Work out how many lines in the data that follows contain "Picture". Write nothing but the number.

[Start of Attachment]

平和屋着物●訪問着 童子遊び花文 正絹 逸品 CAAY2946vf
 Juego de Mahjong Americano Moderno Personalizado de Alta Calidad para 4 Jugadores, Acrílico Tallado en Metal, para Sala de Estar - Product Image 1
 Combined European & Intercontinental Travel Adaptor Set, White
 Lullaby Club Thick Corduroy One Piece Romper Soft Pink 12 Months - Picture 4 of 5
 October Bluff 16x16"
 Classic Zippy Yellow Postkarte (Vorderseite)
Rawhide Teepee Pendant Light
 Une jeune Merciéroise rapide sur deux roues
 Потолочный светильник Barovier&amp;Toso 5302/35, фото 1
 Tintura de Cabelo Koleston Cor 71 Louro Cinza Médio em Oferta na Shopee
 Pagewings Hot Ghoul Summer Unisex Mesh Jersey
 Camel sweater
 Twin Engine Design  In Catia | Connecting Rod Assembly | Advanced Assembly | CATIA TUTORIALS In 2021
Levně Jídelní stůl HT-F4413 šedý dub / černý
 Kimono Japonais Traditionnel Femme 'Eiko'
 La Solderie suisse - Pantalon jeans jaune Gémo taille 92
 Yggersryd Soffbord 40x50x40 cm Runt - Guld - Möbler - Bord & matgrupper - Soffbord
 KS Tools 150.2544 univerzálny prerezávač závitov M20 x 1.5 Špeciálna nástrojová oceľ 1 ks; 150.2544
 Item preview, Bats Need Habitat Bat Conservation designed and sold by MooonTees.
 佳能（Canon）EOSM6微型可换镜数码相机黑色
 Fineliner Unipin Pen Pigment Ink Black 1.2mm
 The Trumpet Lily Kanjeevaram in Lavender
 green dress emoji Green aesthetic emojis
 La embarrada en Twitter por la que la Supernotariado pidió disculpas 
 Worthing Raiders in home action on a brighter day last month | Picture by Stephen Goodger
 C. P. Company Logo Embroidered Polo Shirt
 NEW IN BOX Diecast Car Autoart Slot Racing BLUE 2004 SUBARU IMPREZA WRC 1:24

[End of Attachment]

> **Output**: 2